Sunday, March 27, 2011 4:05:54 PM

Post# of 83044
Copper Supply and Demand

Copper Still Carries Electricity
By TATYANA SHUMSKY | Barron’s SATURDAY, MARCH 19, 2011

Prices for the metal are down, but the disaster in Japan makes heightened demand very likely.

The recent decline in the price of copper makes the metal an attractive asset for both short- and long-term investors.

The metal is down 6.4% from February's record high of $4.6375 a pound, as a natural disaster and nuclear emergency in Japan intensified losses sparked by weaker-than-expected Chinese demand. Friday the most actively traded copper contract, for May delivery, was down 0.1% at $4.3390.

But market attention already is shifting from Japan's troubles to the likely spike in copper demand, as the world's third-largest economy rebuilds after a 9.0-magnitude earthquake and subsequent tsunami. "Everything from the power grid, to housing construction, to autos, to consumer appliances are going to be required, and all the base-metal markets are going to benefit from the rebuilding effort," says Max Layton, deputy head of commodities at Macquarie Securities Group.

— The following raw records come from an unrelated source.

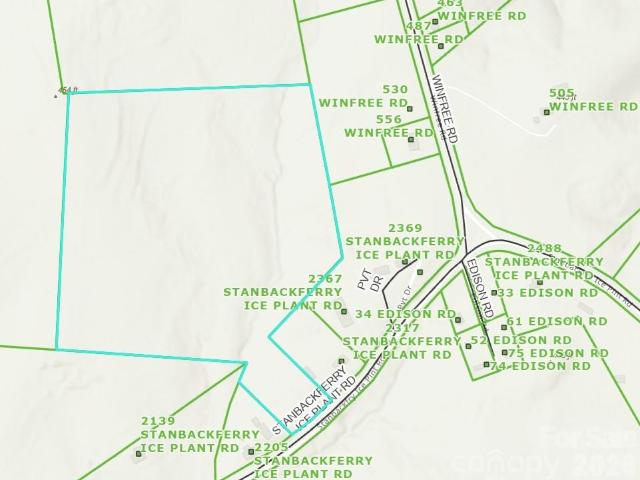 Land for sale in Wadesboro, North Carolina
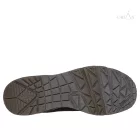 Skechers 183004 Uno Suited on Air fekete férfi cipő  47 1/2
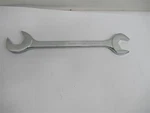 Proto J3136, 1-1/8" Angle Open End Wrench, 11" Oal. Fixed Price $50.00.
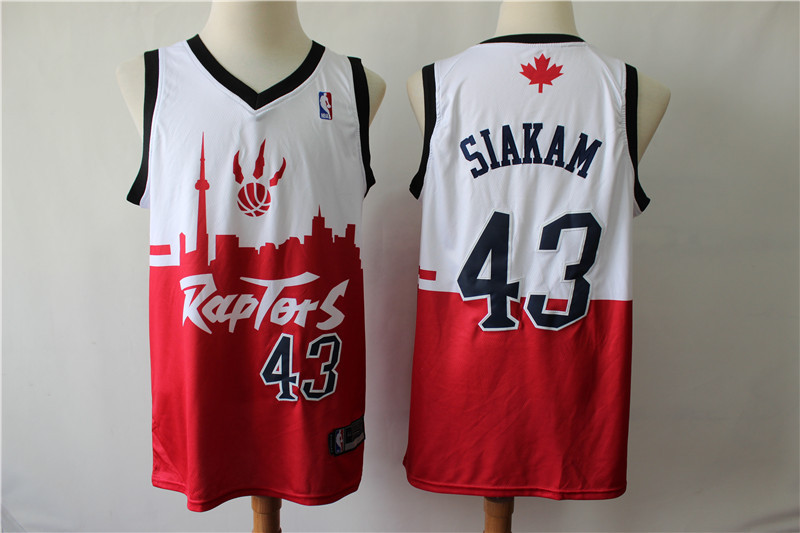 Toronto Raptors NBA basketball adult embroidery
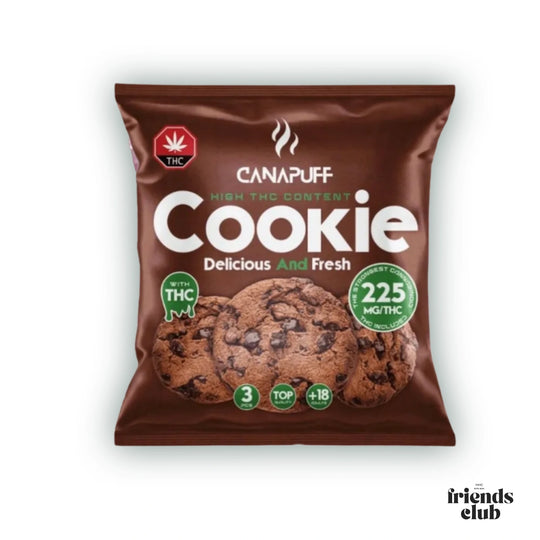 THC Cookie-HHCFriends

As an element that conducts electricity easily, copper will be incorporated in virtually all these items.

Analysts have been busy calculating just how much additional copper Japan will need. Japan brought in about 1.1 million metric tons of copper last year, according to analysts at the Royal Bank of Scotland. At the moment, imports have slowed as shipping and infrastructure were damaged by the quake. However, when the recovery effort gets under way, Japan's purchases are likely to soar.

Even before the disaster, global copper demand was forecast to outpace supply this year and next, paving the way for steep price gains. The International Copper Study Group pegged this year's shortfall at 400,000 metric tons, or about 2% of production. Goldman Sachs forecasts the price of copper will average around $4.63 a pound in 2011, while Macquarie Group predicts prices to average $5 a pound.
If these predictions play out, short-term investors who enter the copper market at the current price, around $4.20, could make a tidy profit.

Some have argued that current market prices overvalue copper and leave miners with a wide profit margin, given that marginal cost, the cost of additional output, tops out around $2.30 a pound.

But the current marginal costs account for production at existing mines, where reserves are dwindling and construction and exploration costs have long been paid. Future copper supply will come at a much steeper price, as the easy-to-mine deposits have been exploited, and mining companies are forced to venture to less politically stable countries with higher security and development hurdles.

Finding a sizable resource takes time, as does developing it. Even a jumbo deposit like Ivanhoe Mines' (ticker: IVN) Oyu Tolgoi in mining-friendly Mongolia will need a minimum of five years of development before it is ready for production. Ivanhoe partnered with Rio Tinto (RIO) in 2009 to fast-track development of the project, which is expected to start commercial production in 2013.

Moreover, new deposits and expansion projects are barely replacing current production, meaning supply is likely to stay the same while demand continues to grow.

This makes the case for long-term investors to get into the metals market now, while copper is comparatively cheap.